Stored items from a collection
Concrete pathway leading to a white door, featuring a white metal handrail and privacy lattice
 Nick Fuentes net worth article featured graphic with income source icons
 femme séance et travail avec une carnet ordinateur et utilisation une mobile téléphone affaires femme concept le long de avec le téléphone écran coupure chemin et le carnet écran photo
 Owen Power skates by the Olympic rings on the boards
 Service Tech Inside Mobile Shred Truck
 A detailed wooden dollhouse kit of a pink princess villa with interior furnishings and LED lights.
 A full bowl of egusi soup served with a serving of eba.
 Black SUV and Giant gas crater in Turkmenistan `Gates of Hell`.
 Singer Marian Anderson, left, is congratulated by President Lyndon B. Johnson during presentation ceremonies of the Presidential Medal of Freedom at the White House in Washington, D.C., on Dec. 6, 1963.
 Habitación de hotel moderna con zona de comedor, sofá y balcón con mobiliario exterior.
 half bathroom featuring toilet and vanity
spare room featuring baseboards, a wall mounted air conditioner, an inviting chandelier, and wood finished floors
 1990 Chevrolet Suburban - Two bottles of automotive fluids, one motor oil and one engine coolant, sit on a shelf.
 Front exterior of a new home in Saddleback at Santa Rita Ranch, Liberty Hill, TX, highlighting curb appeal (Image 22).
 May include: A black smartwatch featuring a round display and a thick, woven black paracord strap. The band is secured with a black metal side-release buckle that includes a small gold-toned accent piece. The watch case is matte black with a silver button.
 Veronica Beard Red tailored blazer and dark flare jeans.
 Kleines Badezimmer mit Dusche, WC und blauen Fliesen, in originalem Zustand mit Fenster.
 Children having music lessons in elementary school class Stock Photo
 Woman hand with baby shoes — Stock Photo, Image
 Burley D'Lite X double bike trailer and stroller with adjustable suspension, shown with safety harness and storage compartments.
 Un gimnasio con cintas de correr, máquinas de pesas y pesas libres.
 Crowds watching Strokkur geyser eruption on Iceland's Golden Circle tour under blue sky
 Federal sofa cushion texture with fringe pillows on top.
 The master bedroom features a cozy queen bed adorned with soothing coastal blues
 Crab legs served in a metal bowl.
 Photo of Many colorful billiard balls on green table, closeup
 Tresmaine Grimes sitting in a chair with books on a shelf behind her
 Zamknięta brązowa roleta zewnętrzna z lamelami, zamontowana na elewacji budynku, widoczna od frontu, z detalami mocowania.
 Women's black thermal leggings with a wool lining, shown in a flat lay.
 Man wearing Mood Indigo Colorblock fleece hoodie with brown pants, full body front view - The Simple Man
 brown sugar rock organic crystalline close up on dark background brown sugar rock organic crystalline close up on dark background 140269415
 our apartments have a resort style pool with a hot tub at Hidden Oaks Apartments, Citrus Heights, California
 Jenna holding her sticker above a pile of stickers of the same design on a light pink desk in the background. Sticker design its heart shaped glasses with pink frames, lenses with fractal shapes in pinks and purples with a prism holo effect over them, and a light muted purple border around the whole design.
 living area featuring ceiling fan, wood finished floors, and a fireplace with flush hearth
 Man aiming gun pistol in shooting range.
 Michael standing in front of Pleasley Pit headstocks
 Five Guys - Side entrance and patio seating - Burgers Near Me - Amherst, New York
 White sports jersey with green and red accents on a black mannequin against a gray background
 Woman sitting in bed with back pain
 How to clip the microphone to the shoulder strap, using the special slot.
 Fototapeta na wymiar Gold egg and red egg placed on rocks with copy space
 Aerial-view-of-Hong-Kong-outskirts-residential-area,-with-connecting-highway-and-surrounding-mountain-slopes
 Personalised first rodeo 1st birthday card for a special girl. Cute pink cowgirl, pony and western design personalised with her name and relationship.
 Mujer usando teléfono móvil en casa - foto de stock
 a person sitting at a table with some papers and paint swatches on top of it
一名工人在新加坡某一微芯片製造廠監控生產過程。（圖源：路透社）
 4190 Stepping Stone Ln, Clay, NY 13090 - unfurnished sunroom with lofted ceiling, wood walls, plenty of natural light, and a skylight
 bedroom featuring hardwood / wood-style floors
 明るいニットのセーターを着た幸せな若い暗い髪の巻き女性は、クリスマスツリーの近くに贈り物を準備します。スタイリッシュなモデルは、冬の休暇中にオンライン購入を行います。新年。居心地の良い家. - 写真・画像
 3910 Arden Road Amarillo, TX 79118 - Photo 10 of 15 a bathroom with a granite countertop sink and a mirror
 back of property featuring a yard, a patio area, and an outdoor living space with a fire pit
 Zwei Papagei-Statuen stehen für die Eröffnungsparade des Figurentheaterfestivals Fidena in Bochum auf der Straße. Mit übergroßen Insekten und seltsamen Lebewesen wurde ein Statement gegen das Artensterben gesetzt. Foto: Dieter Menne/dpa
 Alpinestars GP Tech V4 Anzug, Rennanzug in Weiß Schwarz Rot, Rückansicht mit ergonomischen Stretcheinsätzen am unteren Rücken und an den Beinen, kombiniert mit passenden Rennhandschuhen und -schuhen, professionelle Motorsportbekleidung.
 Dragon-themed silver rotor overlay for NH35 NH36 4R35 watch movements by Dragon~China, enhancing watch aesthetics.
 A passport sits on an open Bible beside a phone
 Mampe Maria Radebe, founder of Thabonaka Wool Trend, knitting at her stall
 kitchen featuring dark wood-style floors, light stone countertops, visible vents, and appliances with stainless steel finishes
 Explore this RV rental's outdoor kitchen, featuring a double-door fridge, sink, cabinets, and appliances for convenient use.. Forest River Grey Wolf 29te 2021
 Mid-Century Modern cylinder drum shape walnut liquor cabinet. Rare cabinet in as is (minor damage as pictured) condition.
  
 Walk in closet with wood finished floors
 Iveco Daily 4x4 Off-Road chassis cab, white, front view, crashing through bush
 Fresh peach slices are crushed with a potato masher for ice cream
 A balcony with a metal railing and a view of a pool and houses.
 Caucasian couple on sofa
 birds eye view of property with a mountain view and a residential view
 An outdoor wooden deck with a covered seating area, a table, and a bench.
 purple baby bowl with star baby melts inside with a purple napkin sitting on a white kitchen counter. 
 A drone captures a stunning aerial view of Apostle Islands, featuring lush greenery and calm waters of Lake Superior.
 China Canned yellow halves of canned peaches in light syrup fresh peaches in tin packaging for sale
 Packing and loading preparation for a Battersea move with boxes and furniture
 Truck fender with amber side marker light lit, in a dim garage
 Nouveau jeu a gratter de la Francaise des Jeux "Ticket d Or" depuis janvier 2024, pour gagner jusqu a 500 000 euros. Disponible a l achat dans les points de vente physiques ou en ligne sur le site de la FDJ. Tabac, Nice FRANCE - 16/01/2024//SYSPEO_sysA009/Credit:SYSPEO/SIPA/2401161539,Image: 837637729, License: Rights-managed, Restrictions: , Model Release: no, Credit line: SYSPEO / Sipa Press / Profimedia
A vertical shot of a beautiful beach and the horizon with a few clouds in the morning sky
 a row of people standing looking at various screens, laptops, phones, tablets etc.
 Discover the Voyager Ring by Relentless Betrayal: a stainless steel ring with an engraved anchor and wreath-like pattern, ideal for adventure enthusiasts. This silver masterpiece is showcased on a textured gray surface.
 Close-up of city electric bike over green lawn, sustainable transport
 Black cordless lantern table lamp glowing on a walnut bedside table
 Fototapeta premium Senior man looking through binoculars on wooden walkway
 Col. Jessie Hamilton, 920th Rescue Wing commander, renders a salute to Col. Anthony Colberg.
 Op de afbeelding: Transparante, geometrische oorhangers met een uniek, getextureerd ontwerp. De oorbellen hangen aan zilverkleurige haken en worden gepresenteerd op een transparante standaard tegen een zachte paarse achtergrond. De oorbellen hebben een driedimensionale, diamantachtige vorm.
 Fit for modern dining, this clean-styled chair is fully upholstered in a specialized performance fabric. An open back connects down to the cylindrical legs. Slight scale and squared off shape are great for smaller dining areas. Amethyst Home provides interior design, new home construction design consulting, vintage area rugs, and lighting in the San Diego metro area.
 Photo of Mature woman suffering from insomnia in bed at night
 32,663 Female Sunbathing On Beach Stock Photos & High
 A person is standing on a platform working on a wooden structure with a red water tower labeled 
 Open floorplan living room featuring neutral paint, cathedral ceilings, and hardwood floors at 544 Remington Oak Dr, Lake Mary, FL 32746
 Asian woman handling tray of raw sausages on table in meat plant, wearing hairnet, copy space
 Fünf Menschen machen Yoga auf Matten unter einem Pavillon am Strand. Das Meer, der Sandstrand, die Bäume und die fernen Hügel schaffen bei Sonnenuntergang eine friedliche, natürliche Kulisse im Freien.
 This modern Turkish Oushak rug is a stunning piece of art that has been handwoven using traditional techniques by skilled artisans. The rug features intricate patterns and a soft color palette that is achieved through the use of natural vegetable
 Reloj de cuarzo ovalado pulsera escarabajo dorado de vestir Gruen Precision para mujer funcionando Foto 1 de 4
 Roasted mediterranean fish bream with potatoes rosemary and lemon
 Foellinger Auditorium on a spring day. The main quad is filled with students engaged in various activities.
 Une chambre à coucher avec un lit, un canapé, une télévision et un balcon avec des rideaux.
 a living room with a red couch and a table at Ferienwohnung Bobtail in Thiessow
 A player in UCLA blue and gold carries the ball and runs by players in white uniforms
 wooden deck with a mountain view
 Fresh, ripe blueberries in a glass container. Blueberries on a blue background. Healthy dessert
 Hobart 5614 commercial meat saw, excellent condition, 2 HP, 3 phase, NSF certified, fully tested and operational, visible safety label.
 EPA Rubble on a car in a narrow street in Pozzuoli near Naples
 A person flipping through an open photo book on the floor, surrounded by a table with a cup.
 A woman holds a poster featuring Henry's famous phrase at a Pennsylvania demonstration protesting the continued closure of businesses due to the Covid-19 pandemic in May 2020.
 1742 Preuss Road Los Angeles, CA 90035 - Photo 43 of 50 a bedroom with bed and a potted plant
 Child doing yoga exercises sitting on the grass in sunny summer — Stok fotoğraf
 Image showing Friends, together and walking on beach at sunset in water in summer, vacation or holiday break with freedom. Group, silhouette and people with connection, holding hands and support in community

Exercise instructions: Of the entries listed above, reproduce only the lines starting at the line containing "4190 Stepping Stone" and ending at the line containing "An outdoor wooden". Include both, exactly as they stand.

Result of the task:
 4190 Stepping Stone Ln, Clay, NY 13090 - unfurnished sunroom with lofted ceiling, wood walls, plenty of natural light, and a skylight
 bedroom featuring hardwood / wood-style floors
 明るいニットのセーターを着た幸せな若い暗い髪の巻き女性は、クリスマスツリーの近くに贈り物を準備します。スタイリッシュなモデルは、冬の休暇中にオンライン購入を行います。新年。居心地の良い家. - 写真・画像
 3910 Arden Road Amarillo, TX 79118 - Photo 10 of 15 a bathroom with a granite countertop sink and a mirror
 back of property featuring a yard, a patio area, and an outdoor living space with a fire pit
 Zwei Papagei-Statuen stehen für die Eröffnungsparade des Figurentheaterfestivals Fidena in Bochum auf der Straße. Mit übergroßen Insekten und seltsamen Lebewesen wurde ein Statement gegen das Artensterben gesetzt. Foto: Dieter Menne/dpa
 Alpinestars GP Tech V4 Anzug, Rennanzug in Weiß Schwarz Rot, Rückansicht mit ergonomischen Stretcheinsätzen am unteren Rücken und an den Beinen, kombiniert mit passenden Rennhandschuhen und -schuhen, professionelle Motorsportbekleidung.
 Dragon-themed silver rotor overlay for NH35 NH36 4R35 watch movements by Dragon~China, enhancing watch aesthetics.
 A passport sits on an open Bible beside a phone
 Mampe Maria Radebe, founder of Thabonaka Wool Trend, knitting at her stall
 kitchen featuring dark wood-style floors, light stone countertops, visible vents, and appliances with stainless steel finishes
 Explore this RV rental's outdoor kitchen, featuring a double-door fridge, sink, cabinets, and appliances for convenient use.. Forest River Grey Wolf 29te 2021
 Mid-Century Modern cylinder drum shape walnut liquor cabinet. Rare cabinet in as is (minor damage as pictured) condition.
  
 Walk in closet with wood finished floors
 Iveco Daily 4x4 Off-Road chassis cab, white, front view, crashing through bush
 Fresh peach slices are crushed with a potato masher for ice cream
 A balcony with a metal railing and a view of a pool and houses.
 Caucasian couple on sofa
 birds eye view of property with a mountain view and a residential view
 An outdoor wooden deck with a covered seating area, a table, and a bench.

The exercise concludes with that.